Does God love people who will go to hell?
If so, how can they go to hell?
If God loves people who will go to hell the same way he loves me, how can his love for me be seen as special and comforting?

Once we try to answer these questions with the bumper sticker theology of "Smile, God loves you," we begin to see this doctrine as a difficult doctrine indeed.

Carson's handling of this topic is precise, direct, scholarly, and warm-hearted. First, he describes five senses in which Scripture speaks of God's love. Next, he addresses the definition of love as rooted in the character of God himself.

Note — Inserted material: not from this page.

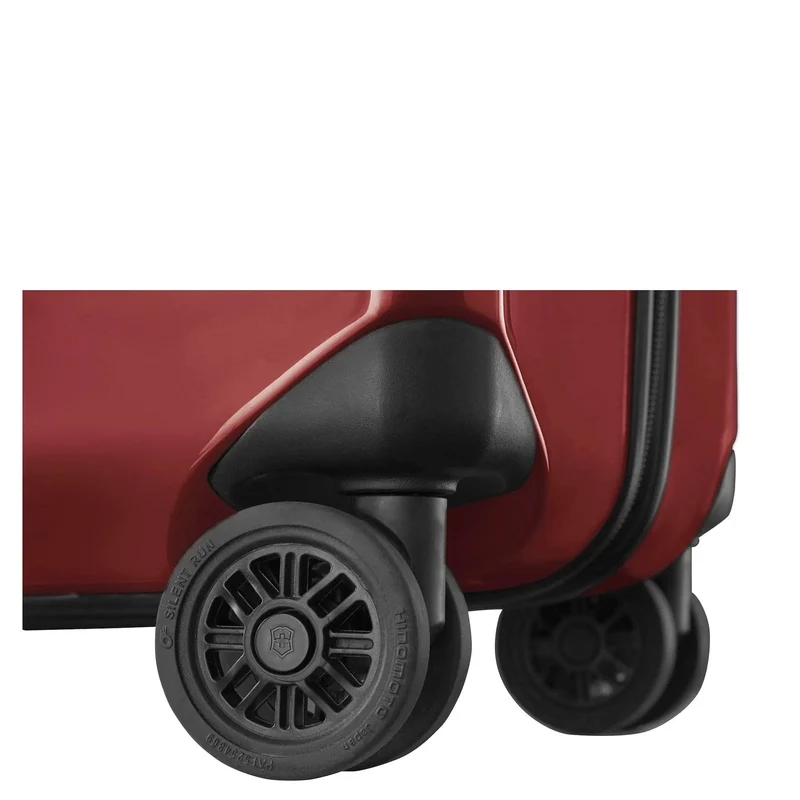 Victorinox Airox - 4-Rollen-Trolley L 75 cm (victorinox red)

The final two chapters address God's love in relation first to his sovereignty, and then in relation to his wrath.

THE UPS

First, Carson is gifted as a thinker, theologian, and writer. You'd be hard pressed to find a more gifted scholar in Christianity in our day. The warmth of his love for God is therefore powerful and penetrating. I find reading him beneficial regardless of the topic simply as instruction in clear thinking, precise theology, calculated writing, and simple devotion to God.

Second, I was helped by Carson's handling of this very difficult subject. He does not shy away from the fact that God cannot possibly love the unbeliever in the same way he loves his own and still be God. Yet, he is unashamed to proclaim God's love to all people. This precision, yet balance, is much needed in our theological landscape in Australia.